▼

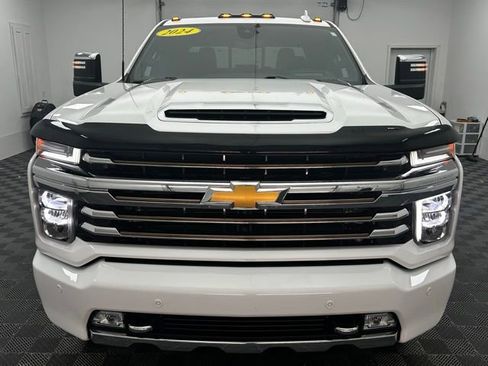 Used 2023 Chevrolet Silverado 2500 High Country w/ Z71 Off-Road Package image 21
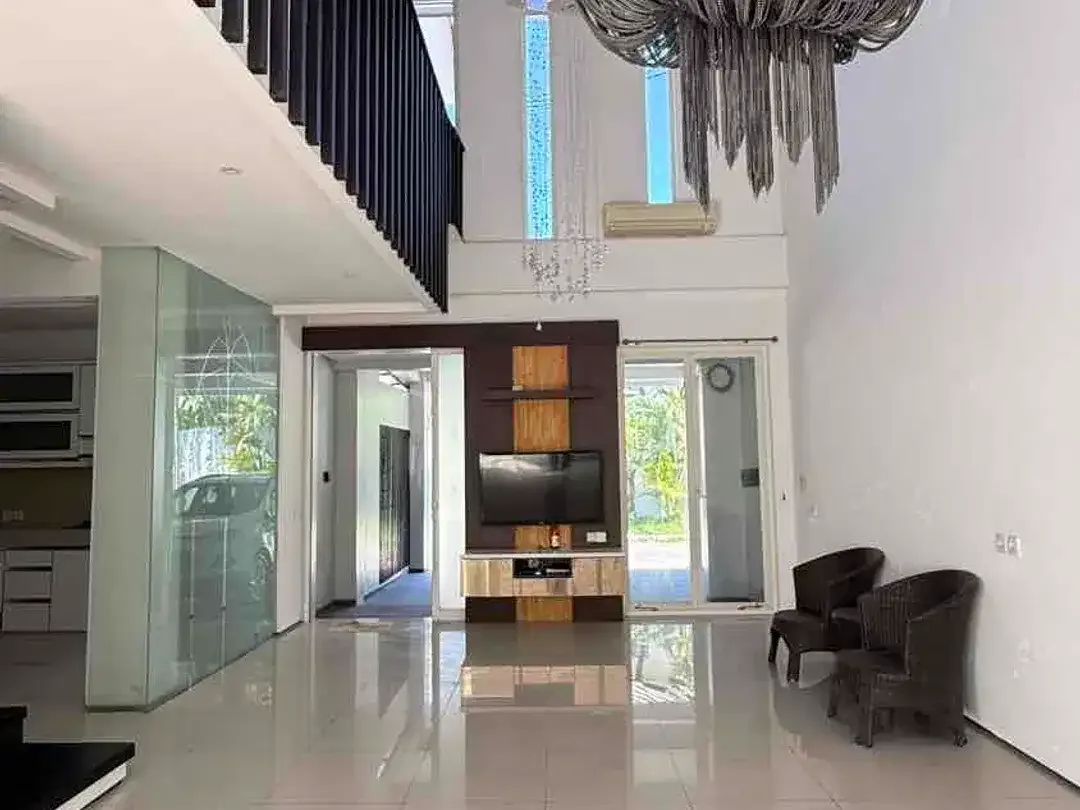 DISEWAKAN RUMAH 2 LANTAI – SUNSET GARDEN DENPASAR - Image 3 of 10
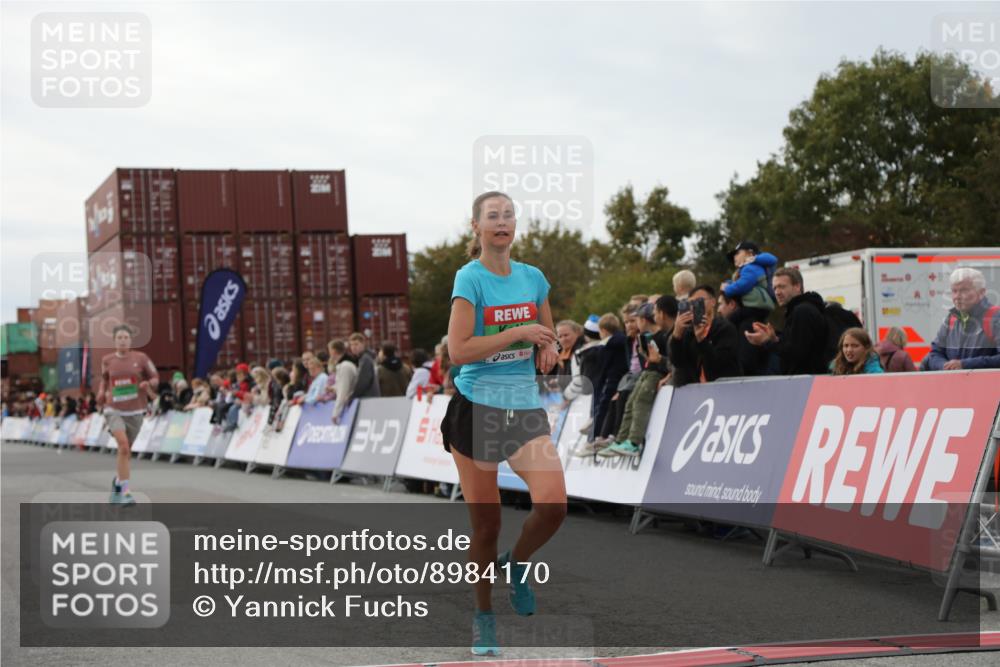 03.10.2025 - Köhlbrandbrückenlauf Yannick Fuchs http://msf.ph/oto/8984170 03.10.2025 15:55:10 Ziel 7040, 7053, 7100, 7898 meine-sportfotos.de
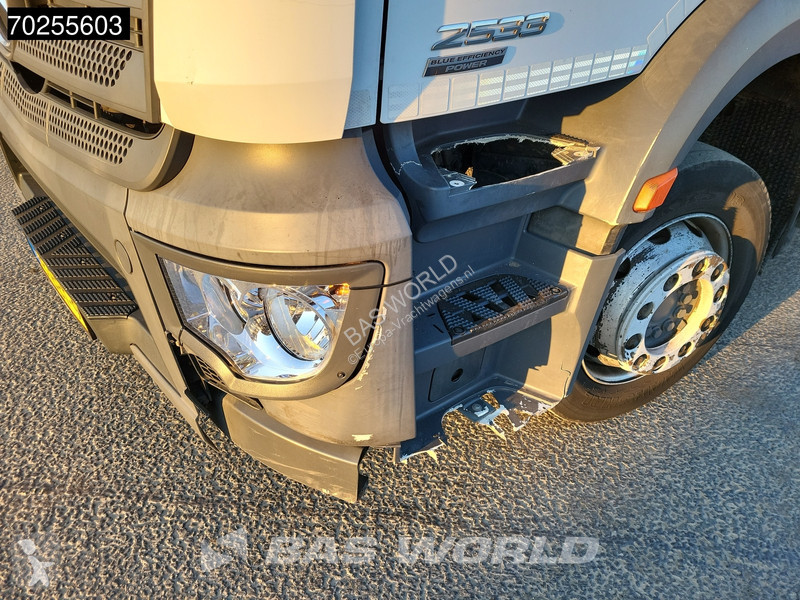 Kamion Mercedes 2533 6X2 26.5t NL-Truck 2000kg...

▲

What you have to do ->
Repeat the full listing above without altering a word, and skip the pictures.

Written solution ->
 Used 2023 Chevrolet Silverado 2500 High Country w/ Z71 Off-Road Package image 21
 DISEWAKAN RUMAH 2 LANTAI – SUNSET GARDEN DENPASAR - Image 3 of 10
 03.10.2025 - Köhlbrandbrückenlauf Yannick Fuchs http://msf.ph/oto/8984170 03.10.2025 15:55:10 Ziel 7040, 7053, 7100, 7898 meine-sportfotos.de
 Kamion Mercedes 2533 6X2 26.5t NL-Truck 2000kg...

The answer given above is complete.